EXERCISE =
Begin at the line below that holds "Green Mobility-Mousseur à" and end at the line that holds "Jeep Sneakers Uomo", transcribing each line exactly and skipping any picture.

PROVIDED ENTRIES =
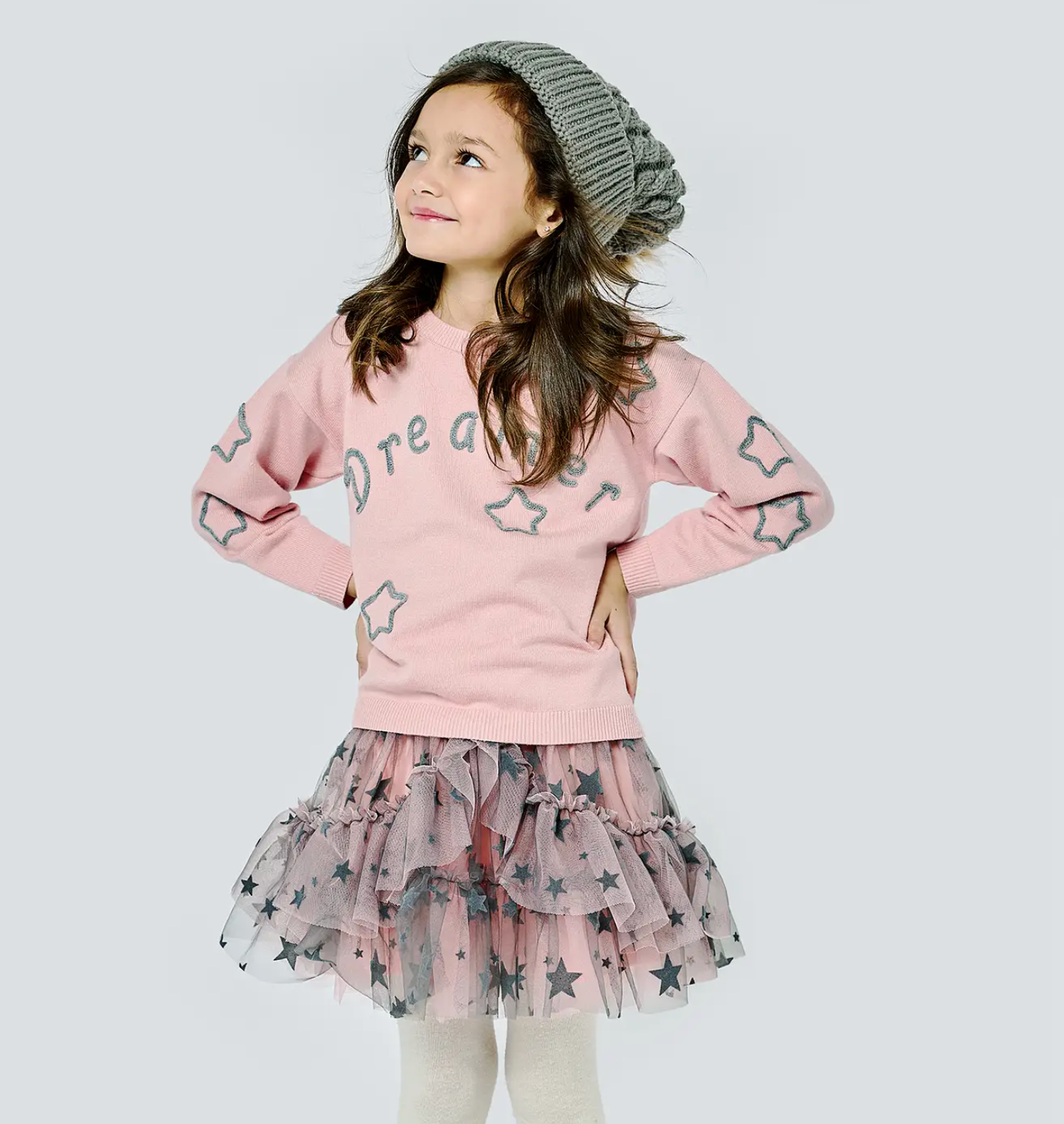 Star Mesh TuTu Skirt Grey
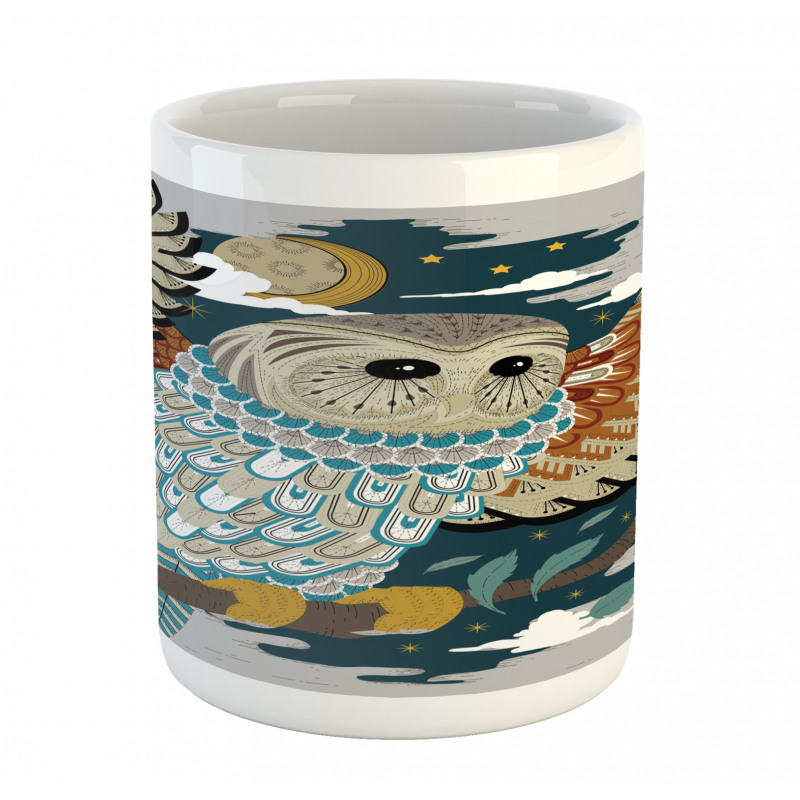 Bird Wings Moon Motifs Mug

...

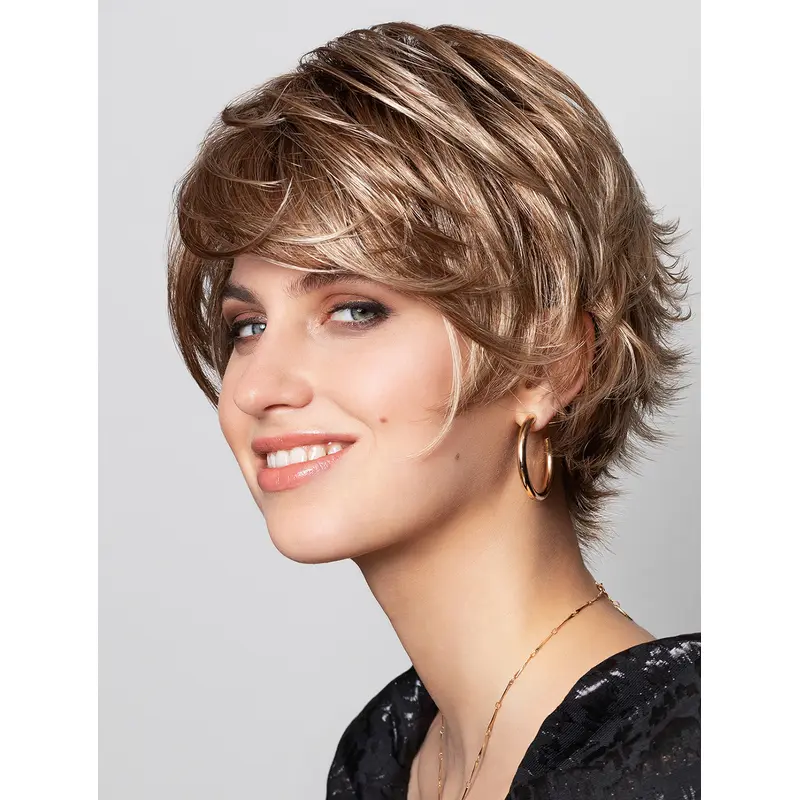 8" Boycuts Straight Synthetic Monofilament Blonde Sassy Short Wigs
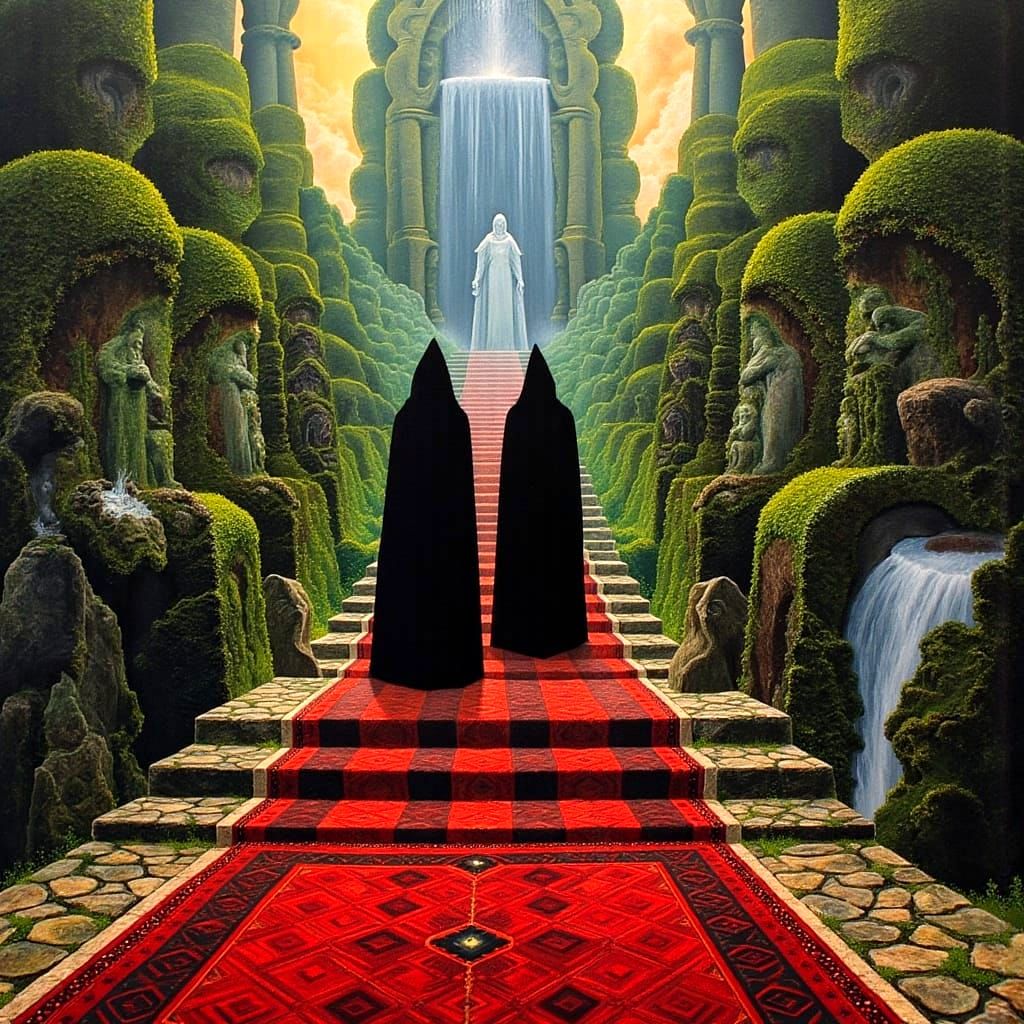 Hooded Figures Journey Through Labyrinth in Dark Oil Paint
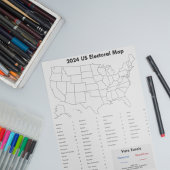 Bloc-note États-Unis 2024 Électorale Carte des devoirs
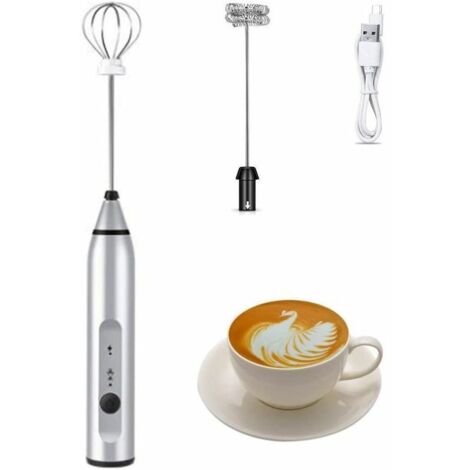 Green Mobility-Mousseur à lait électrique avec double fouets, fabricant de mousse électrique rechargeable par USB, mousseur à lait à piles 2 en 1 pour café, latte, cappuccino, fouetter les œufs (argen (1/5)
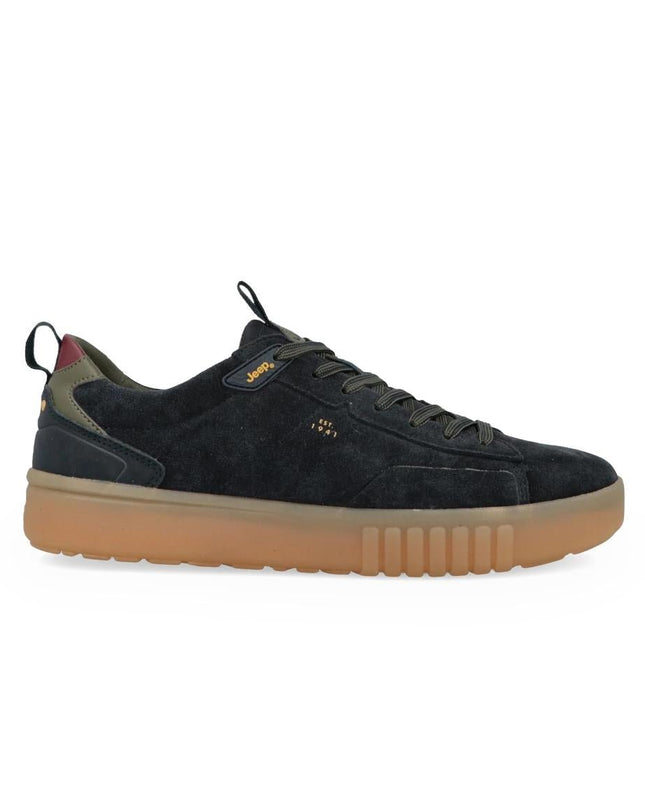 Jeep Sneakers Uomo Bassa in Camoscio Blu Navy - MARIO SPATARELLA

EXERCISE OUTPUT =
 Green Mobility-Mousseur à lait électrique avec double fouets, fabricant de mousse électrique rechargeable par USB, mousseur à lait à piles 2 en 1 pour café, latte, cappuccino, fouetter les œufs (argen (1/5)
 Jeep Sneakers Uomo Bassa in Camoscio Blu Navy - MARIO SPATARELLA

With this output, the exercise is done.